Figure 5. Five ions mass chromatograms of Ramelteon and its isomers and homologous compounds. The SIM ions are m/z=245, 257, 259, 273 and 287 from upper trace to bottom trace. Trustworthy molecular ions were observed for all these compounds thus m/z=245 is possibly Ramelteon – CH2, m/z=257 is Ramelteon – H2, m/z=273 is Ramelteon + CH2 and m/z=287 is Ramelteon + C2H4. The Ramelteon isomers are shown in Figure 4 above particularly three of the peaks at early elution times

Finally, an important additional type of impurities is isomers. We note that in such trace isomer analysis, one must be careful in its performance since depending on the injector temperature some non-fully vaporized sample particles can migrate into the column (particularly when using a liner without glass wool as the one in the presented analysis) and appear as an isomer artifact. However, the 5975-SMB GC-MS with Cold EI enables such important analysis of isomers that were note remove by liquid chromatography but that are separated according to their volatility in the GC column and often provides clear isomer MS effects. 

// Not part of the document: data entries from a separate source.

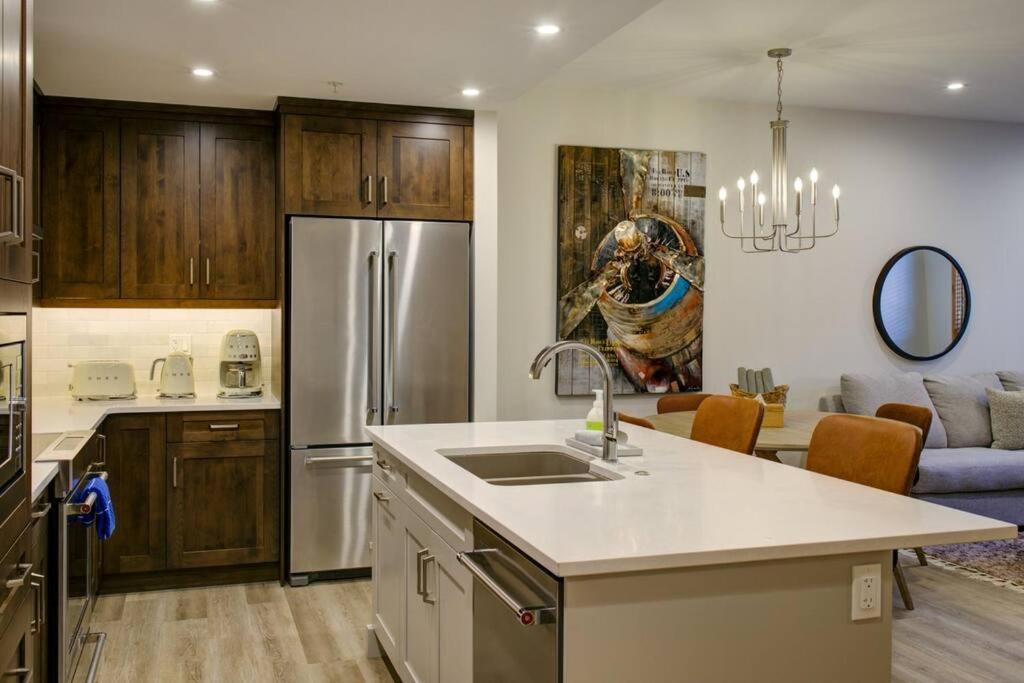 Pinecrest Hideaway *
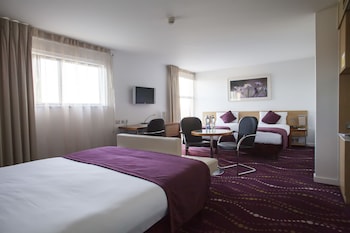 room-image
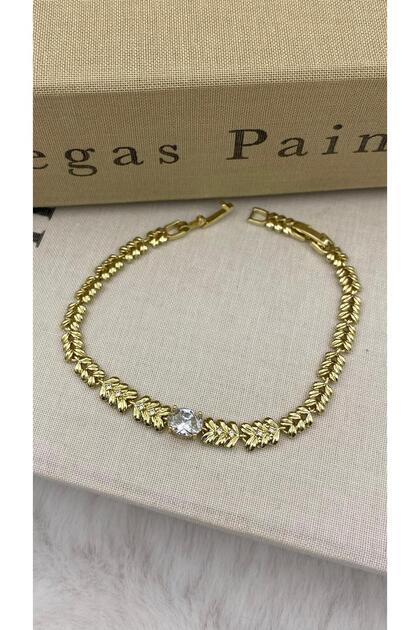 Gold Color Bracelet with Zircon Stone in the Middle and Leaf Detail Xp1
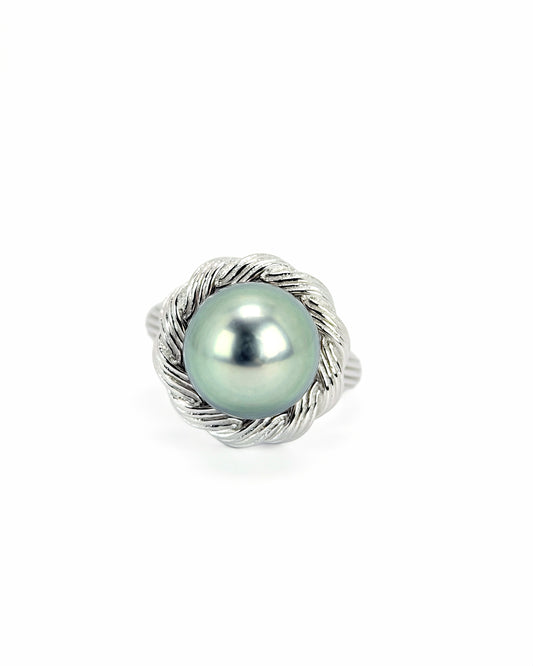 Sylvaine | Floral Ring with Green Tahitian Pearl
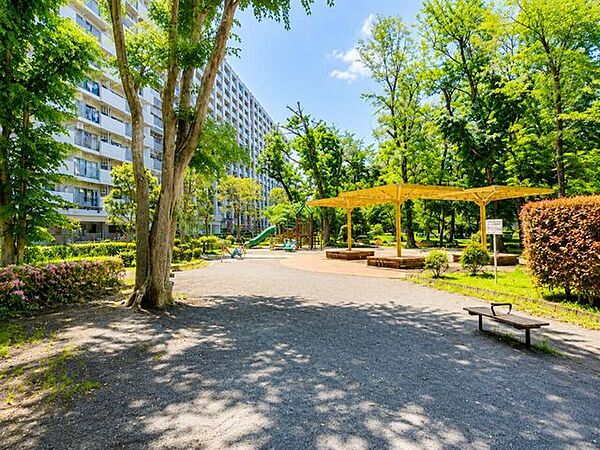 どんぐり公園 560m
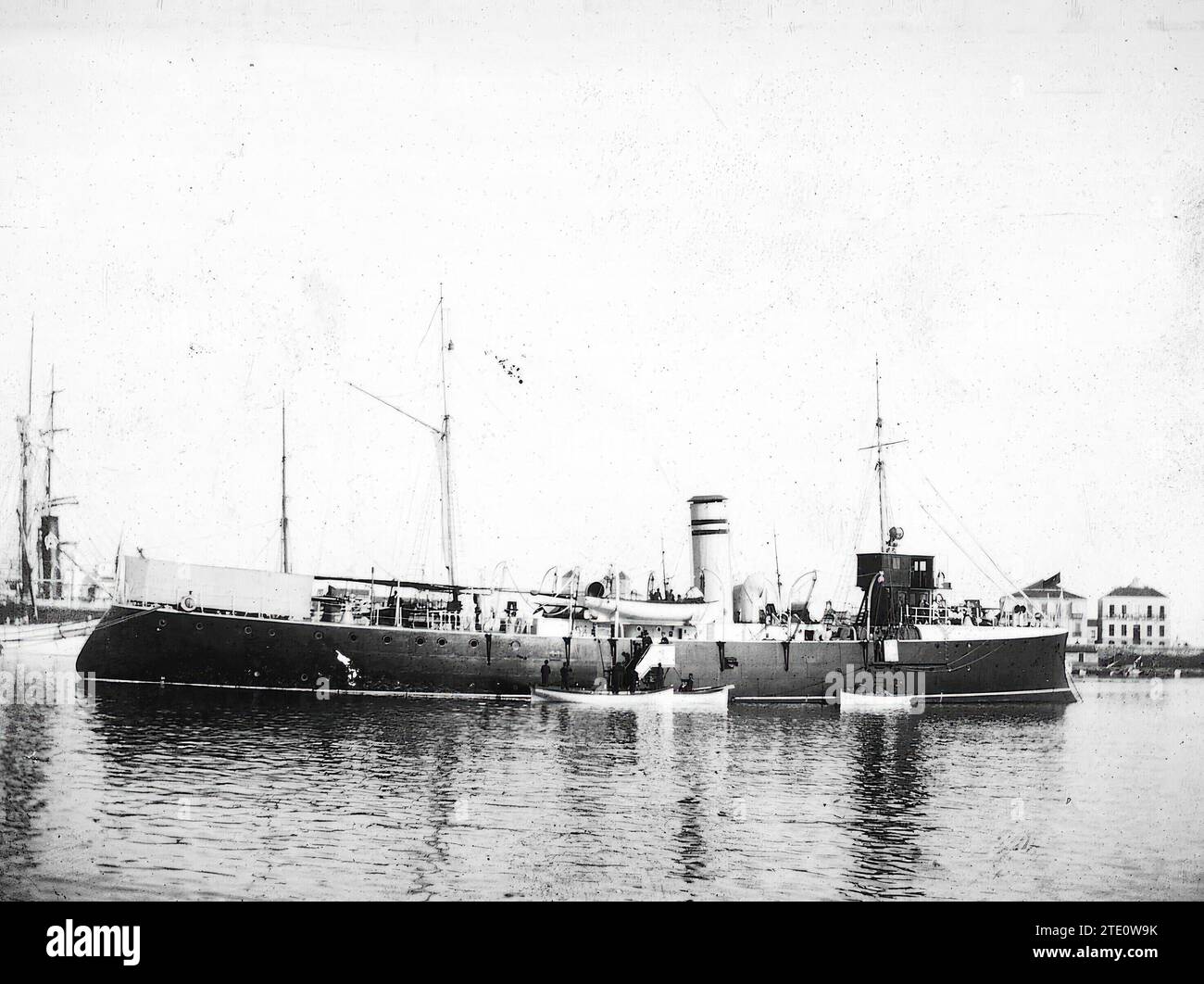 09/30/1913. Malheureux accident maritime. La 'Bonifaz', une canonnière de notre Marine, qui a subi des pannes majeures à Aguas de Cádiz lors de son contrôle devant la machine Arsenal, malgré quoi elle a pu flotter le 1 de ce mois. Crédit : Album / Archivo ABC / Roldán Banque D'Images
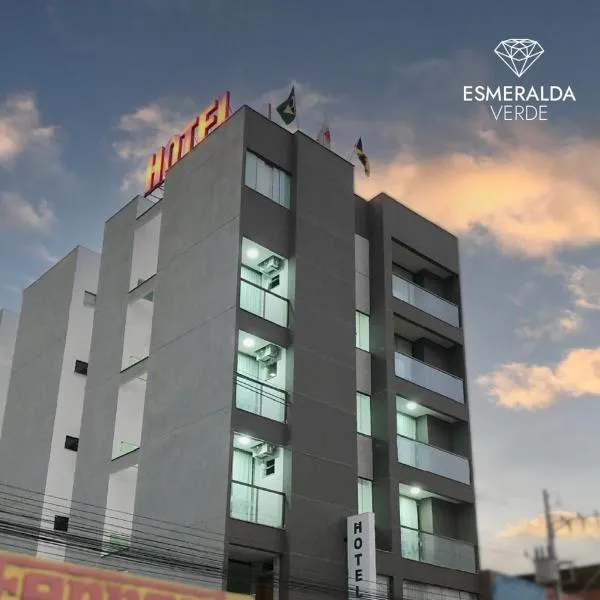 Hotel Esmeralda Verde，位于特奥菲卢奥托尼的酒店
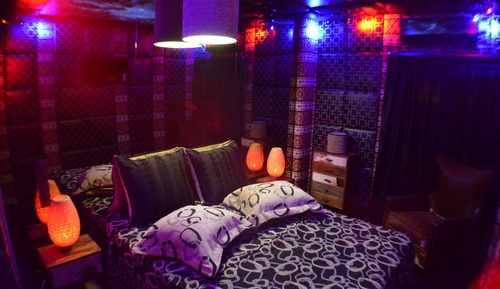 Deluxe Double Room, 1 Queen Bed (Indians)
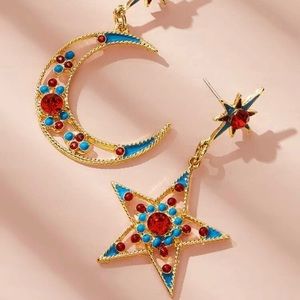 NWOT Moon and Star Mismatched Drop Earrings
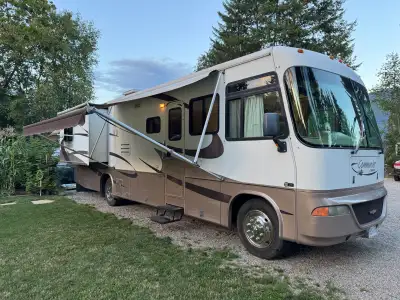 Selling our beautiful Triple E Commander Motorhome. This unit is in great condition over all with tw...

General Observations Summary

  1. The main goal of analyzing drugs impurities was achieved and demonstrated with the 5975-SMB GC-MS with Cold EI for Haloperidol and Ramelteon drugs.   
  2. The uniform response of Cold EI with its fly-through ion source uniquely enables quantitation of the drug impurities levels without compound specific calibration curves. This capability is assumed to be 5975-SMB unique and we believe that such information cannot be obtained by any other type of GC-MS or LC-MS. Thus, the 5975-SMB GC-MS with Cold EI eliminates the need to identify and synthesize trace API impurities for their quantitation.
  3. Informative Cold EI mass spectra were obtained with a combination of enhanced molecular ions and fragment information plus some isomer mass spectral effects. 
  4. Very good TIC signal to noise that approached 10+5 was obtained which enabled the detection of low levels (<0.1%) of impurities and isomers in the drugs with good signal to noise ratio. The achievement of such high TIC S/N emerged from a combination of high TIC S/N of the 5975-SMB plus increased column capacity for polar drugs with high column flow rates.  
  5. Simultaneous full scan and SIM was used on suspected drug impurities masses (based on previous full scan analysis). This procedure was used in order to enable accurate monitoring, by having very high signal to noise ratios, of the efficiency of the impurities cleaning process. 
  6. Ramelteon is not in the NIST library but our Tal-Aviv Molecule Identifier software based on isotope abundance analysis properly identified its elemental formula as number 1 thereby provided the value of high resolution accurate mass MS combined with molecular ions of SMB.    
  7. The GC-MS with Cold EI analysis times were about three times faster than of standard GC-MS.